About this exercise – From the first line down to the line containing "If you can do", print the records below exactly, leaving every picture out.

[Opening The data section]

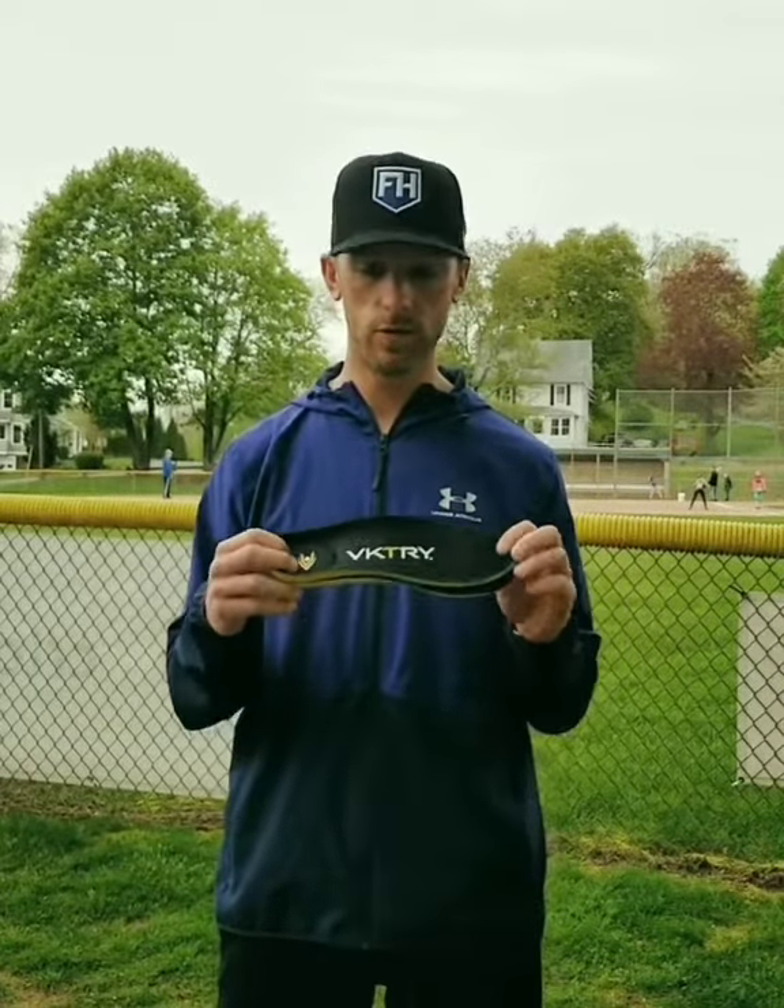Guys like George Springer, Lindor, guys all over the NFL and the MLB are using these. So if you want to take your game to the next level, the Victory insoles are the way to do it.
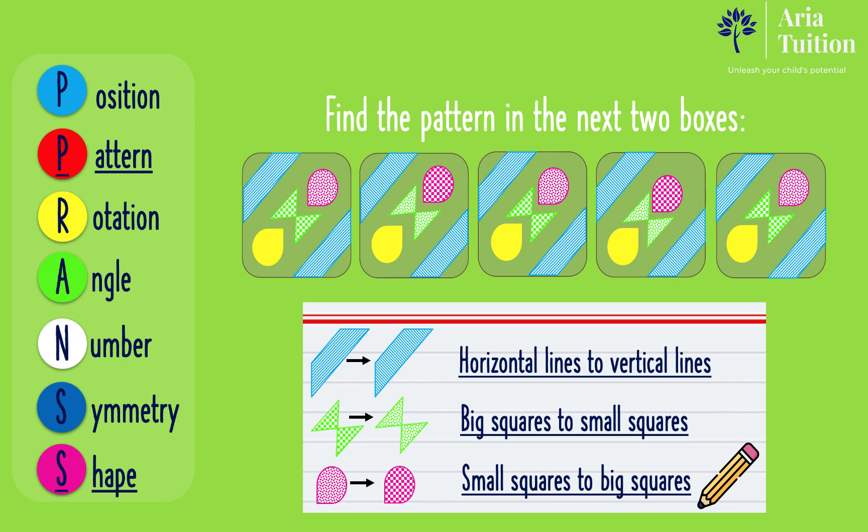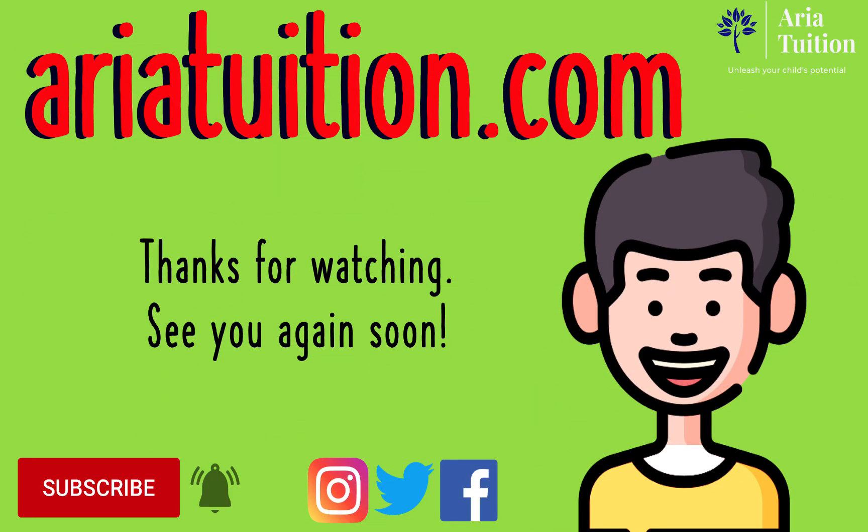Great job if you got the correct answer! To watch the full video and to have a go at our 11 plus practice quizzes, go to ariatuition.com. That wraps up this tutorial. Thanks for watching. See you again soon!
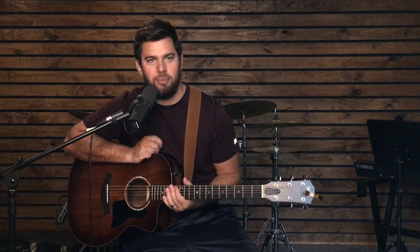This is How To's with Aaron. Today I'm going to show you how to play the song 'How He Loves Us' by John Mark McMillan.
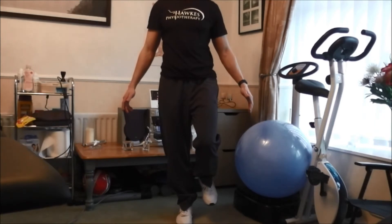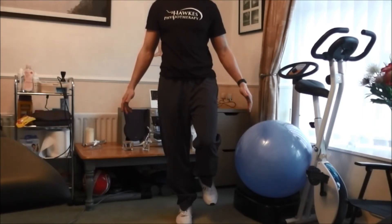If you can do it for the whole minute without needing to touch down, then you need to progress to a more difficult level. The next level is to perform it while looking up, down, and side to side.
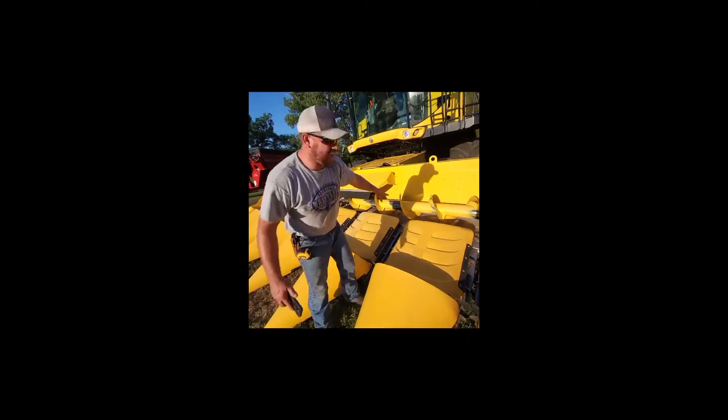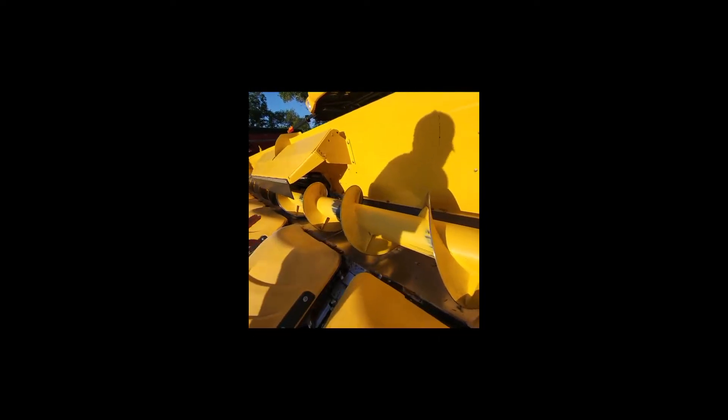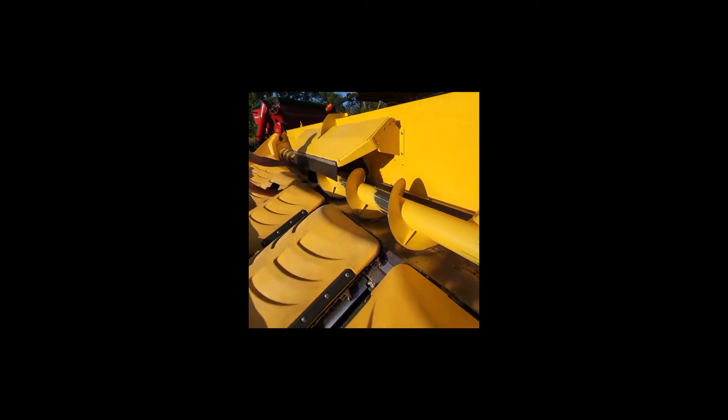Now that we got the head down and the flighting's not running, you can see there's no thin spots, hardly any even signs of surface rust. The flighting's in absolutely great condition. You can see all your guards and flaps.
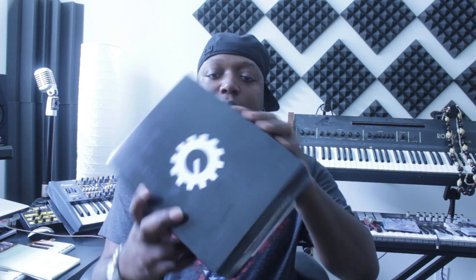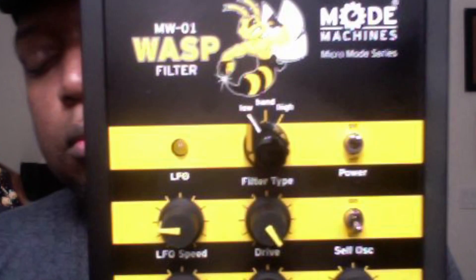Welcome to Bboy Tech Report. On this sunny day we're gonna get into this Mold Machines piece. Really cool little device. On the top it has the select dial where you can select low pass, band pass, a high pass filter type, the LFO, LFO speed — that's the indicator light for the LFO. When it's pulsating, the faster it gets, the faster that light corresponds to it.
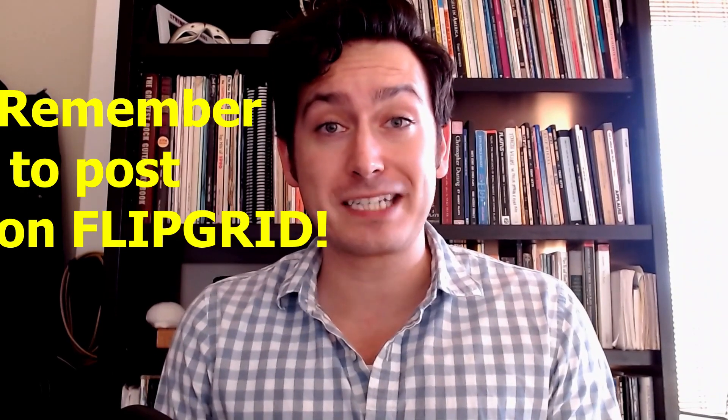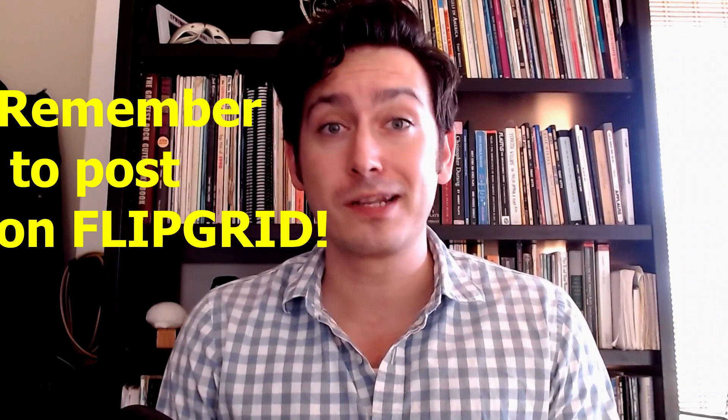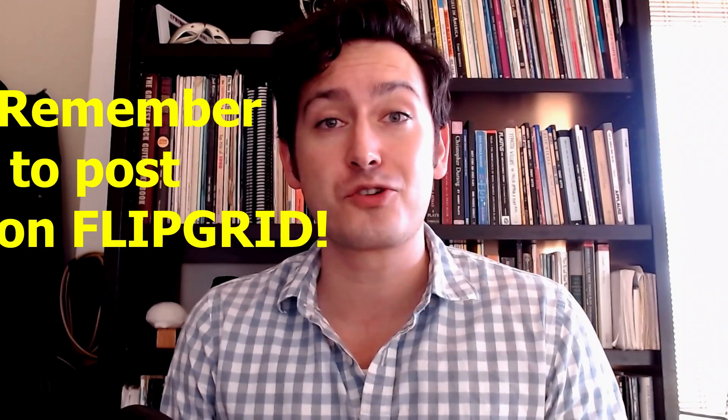For our lesson, I would like you to go back to Flipgrid and record yourself reading this script as either Milo or Murphy. You can read it along with my recordings, or if you have a sibling, parent, or guardian who can read along with you, that is even better. Please make sure that you are using as much vocal expression as you can — we really want to bring these characters to life. I hope everyone is well, and I will see you all next week. Bye-bye for now.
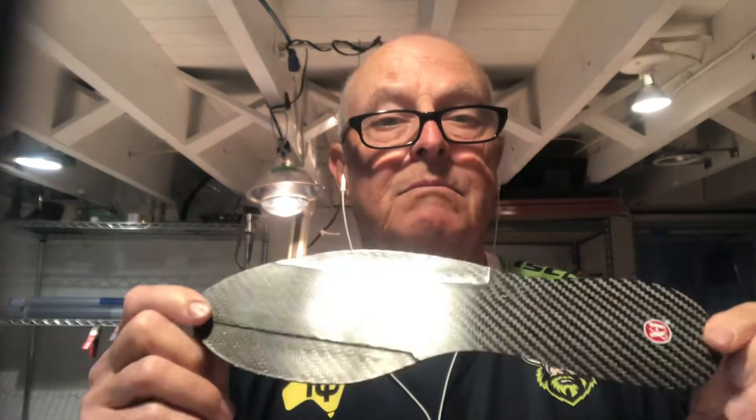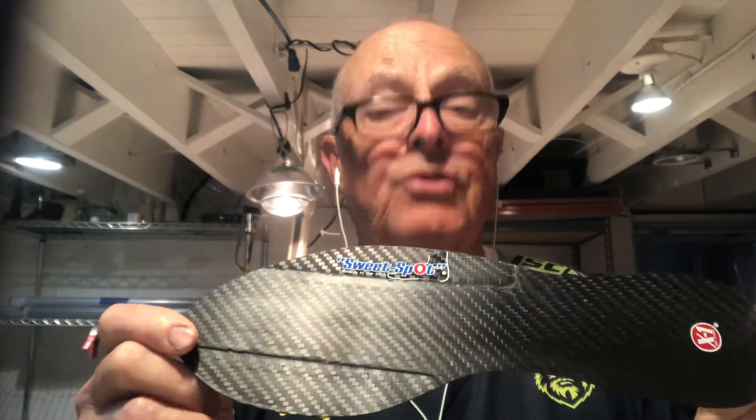Hey everybody, it's Clyde, Clyde's X1 Blades. I've got one of my X1 Blades for 5th Met Fracture going to Leinster Rugby in Dublin, Ireland.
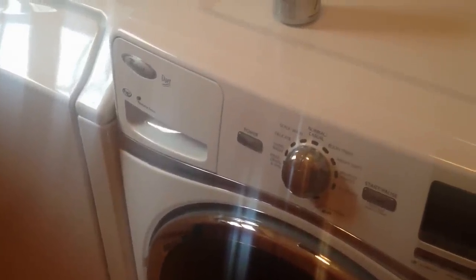Hey guys, Rick from Yale Appliance here, to show you how to use the Whirlpool Duet WFW94HEXW — one of the best washers in the industry right now, one of the easiest to use, highly rated from a consumer magazine, actually rated number one for quite some time. I'm here to show you how to use it and how easy it is to use it, and that's why I love it.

[Closing The data section]

Answer to this exercise –
Guys like George Springer, Lindor, guys all over the NFL and the MLB are using these. So if you want to take your game to the next level, the Victory insoles are the way to do it.
Great job if you got the correct answer! To watch the full video and to have a go at our 11 plus practice quizzes, go to ariatuition.com. That wraps up this tutorial. Thanks for watching. See you again soon!
This is How To's with Aaron. Today I'm going to show you how to play the song 'How He Loves Us' by John Mark McMillan.
If you can do it for the whole minute without needing to touch down, then you need to progress to a more difficult level. The next level is to perform it while looking up, down, and side to side.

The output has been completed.